Source data:
########

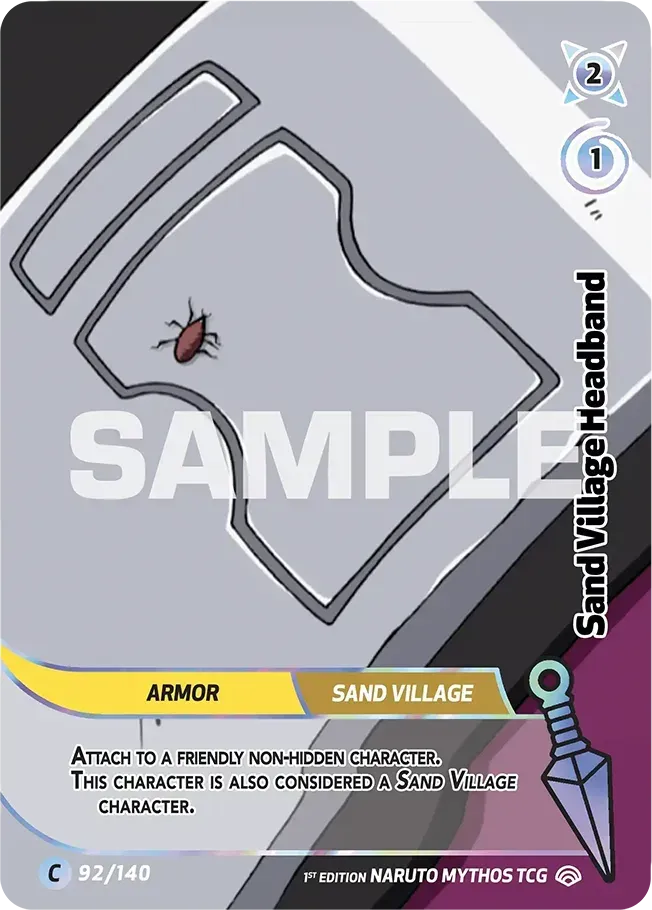 Sand Village Headband from Shinobi Shiren - Naruto Mythos TCG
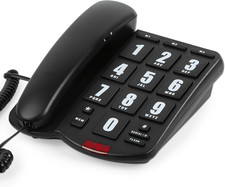 Landline Phones for Seniors, Big Button Telephone with Loud Volume 02-Black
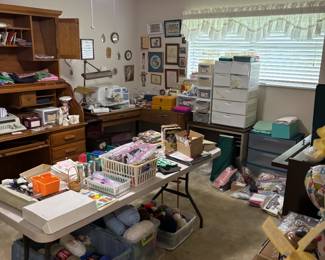 The Craft Room. Too much to list but note the two boxes of knitting yarn.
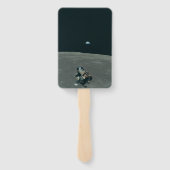 Apollo Maanlander en Aarde boven de maan Handwaaier (Achterkant)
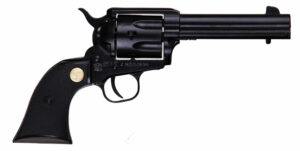 Black revolver handgun on white background.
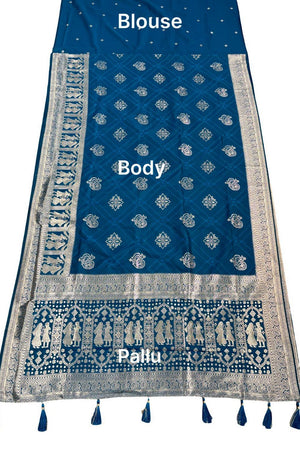 Blue Woven with Zari Work Silk Saree (ACA8703)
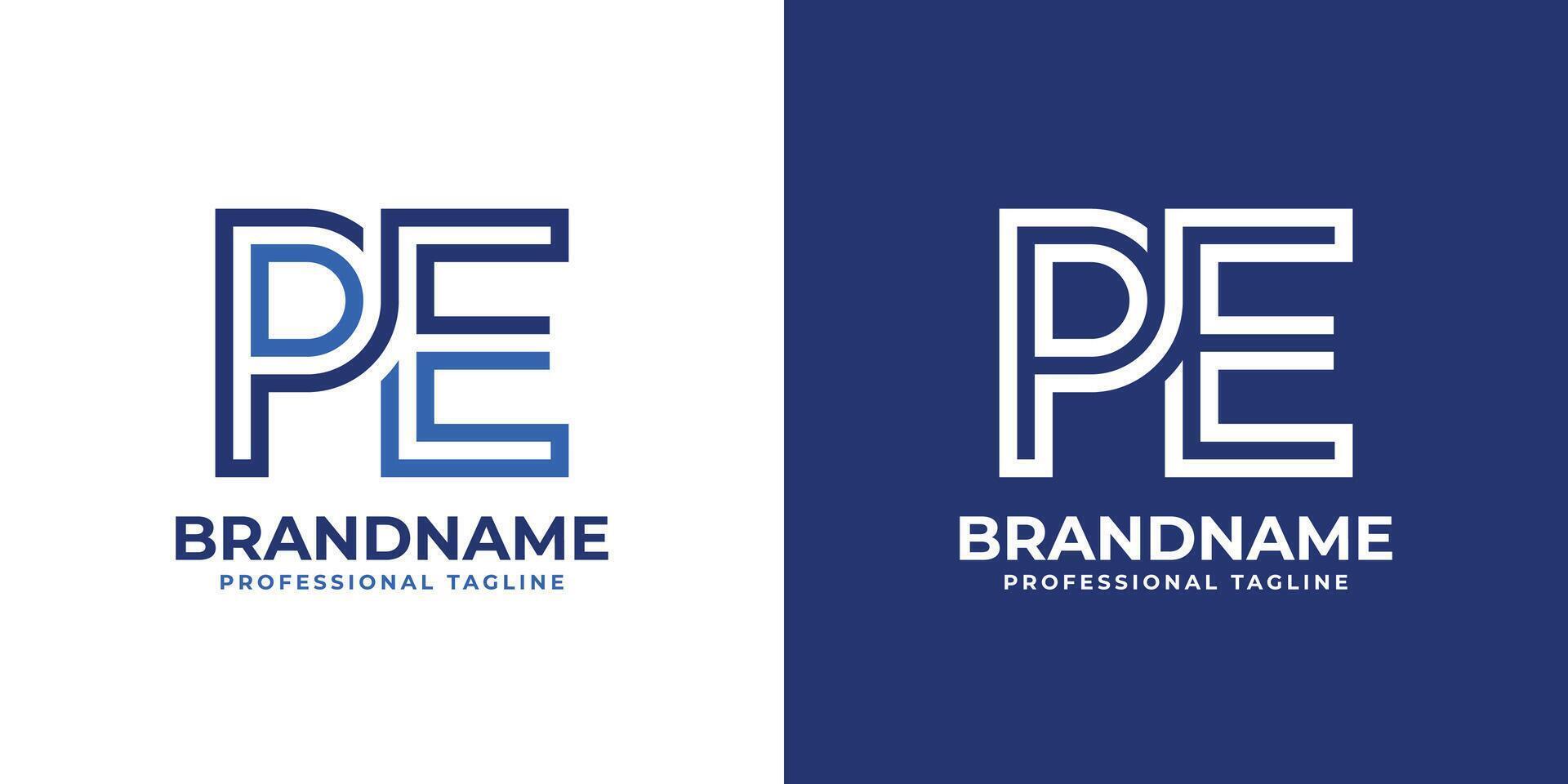 Letters PE Line Monogram Logo, suitable for business with PE or EP initials vector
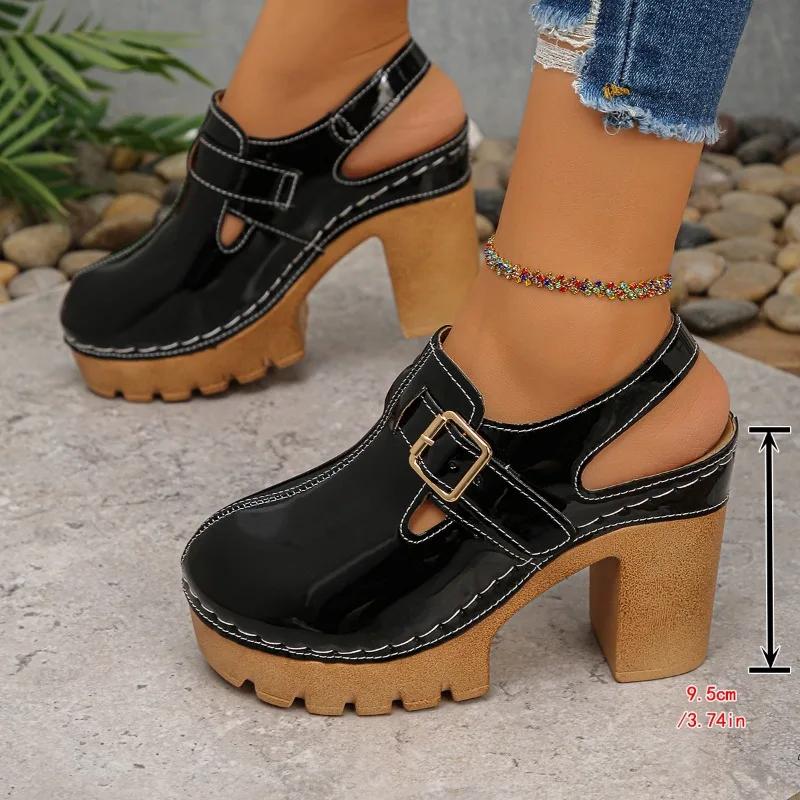 Sandals Women Plus Size Block Heel High Heel One Buckle Sandals Baotou Casual Fashion 43
Sandals Women Plus Size Block Heel High Heel One Buckle Sandals Baotou Casual Fashion 43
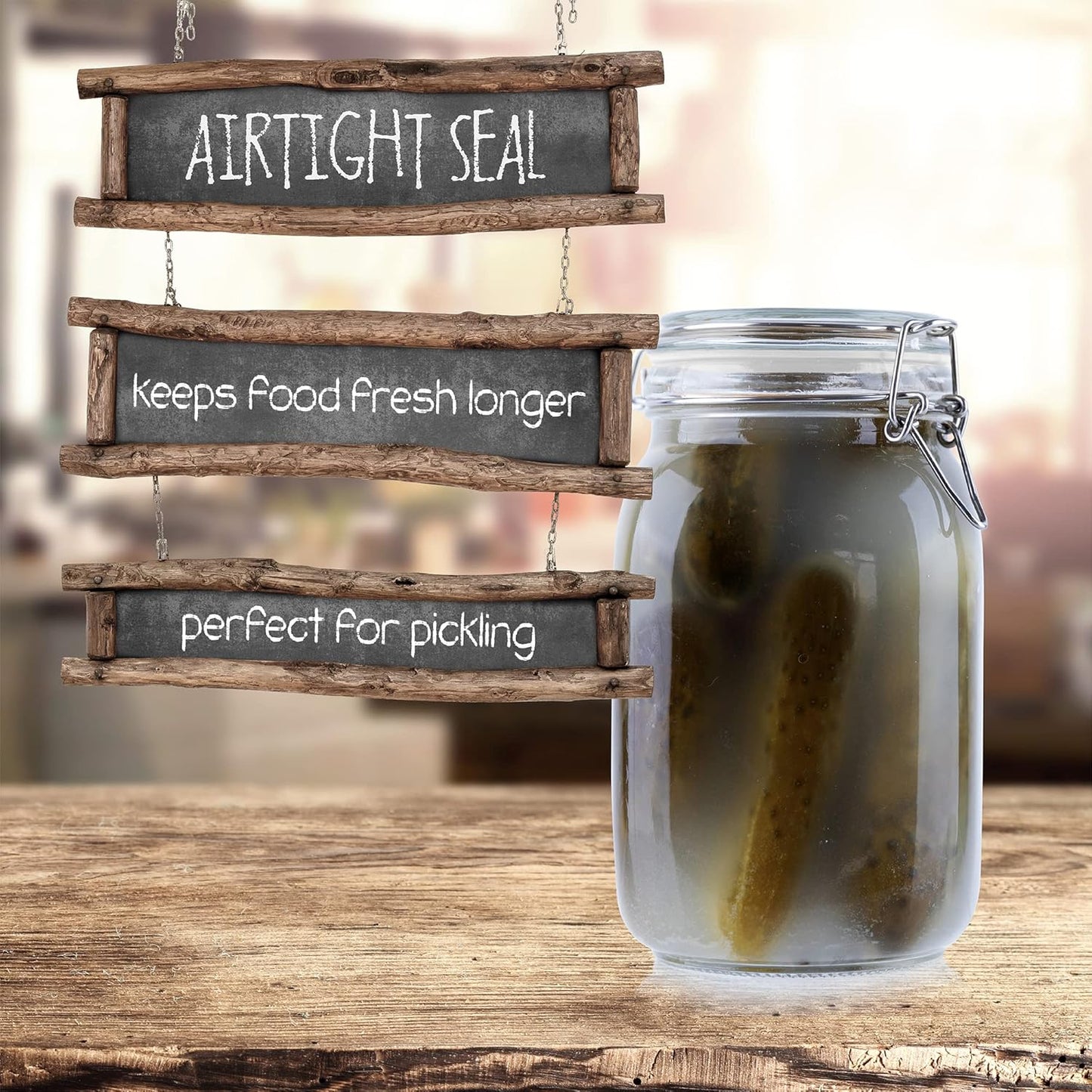 Galashield Glass Jars with Lids Food Storage Jars with Airtight Lids Leak Proof Glass Canisters Kitchen [50 oz]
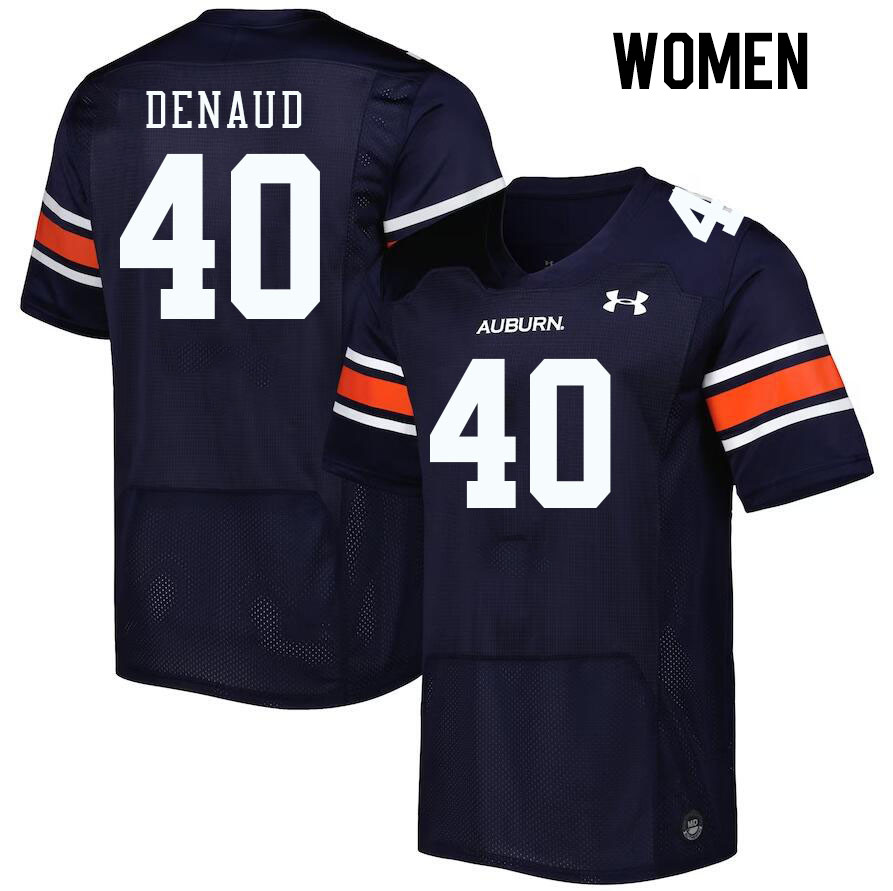 Women #40 Wilky Denaud Auburn Tigers College Football Jerseys Stitched Sale-Navy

########

# [What to work on]
Please leave out the pictures while you copy exactly the lines from the one containing "Landline Phones for" through the end of the records.

# [Completed exercise]
 Landline Phones for Seniors, Big Button Telephone with Loud Volume 02-Black
 The Craft Room. Too much to list but note the two boxes of knitting yarn.
 Apollo Maanlander en Aarde boven de maan Handwaaier (Achterkant)
 Black revolver handgun on white background.
 Blue Woven with Zari Work Silk Saree (ACA8703)
 Letters PE Line Monogram Logo, suitable for business with PE or EP initials vector
 Sandals Women Plus Size Block Heel High Heel One Buckle Sandals Baotou Casual Fashion 43
Sandals Women Plus Size Block Heel High Heel One Buckle Sandals Baotou Casual Fashion 43
 Galashield Glass Jars with Lids Food Storage Jars with Airtight Lids Leak Proof Glass Canisters Kitchen [50 oz]
 Women #40 Wilky Denaud Auburn Tigers College Football Jerseys Stitched Sale-Navy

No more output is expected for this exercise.